Using a pH meter or universal indicator paper, make a vinegar/distilled water solution of pH 3. Make a sodium bicarbonate /distilled water solution of pH 10.

Test a control solution. In the bottom right well of your culture plate, put 5 drops of distilled water and 1 drop of lactose solution. Test the pH of the mixture. Add one drop of lactase solution. Wait 5 minutes and test for glucose production with TesTape.

Starting from well A-l, make a serial dilution of the vinegar solution from pure to 1:1000. Add a drop of lactose solution to each well. Test and record the pH of each well. Add a drop of lactase solution to each well. After 5 minutes, test each mixture for glucose production with TesTape.
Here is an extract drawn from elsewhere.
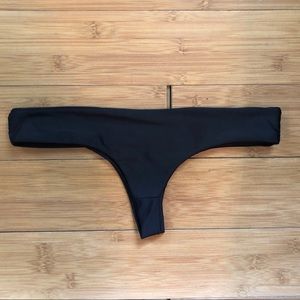 KAOHS BLACK BIKINI BOTTOM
Repeat the vinegar test for 2 more rows. Did you get similar results each time?
 
Make a serial dilution of the sodium bicarbonate/distilled water solution from pure to 1:1000. Add a drop of lactose solution to each well. Test and record the pH of each well. Add a drop of lactase solution to each well. After 5 minutes, test each mixture for glucose production with TesTape.
 
Repeat the sodium bicarbonate solution for 2 more rows.
 
How could you modify this experiment to make it more precise? more accurate? What other acids and bases could make the experiment more realistic? Could any other chemical interactions modify your results in the changed experimental conditions?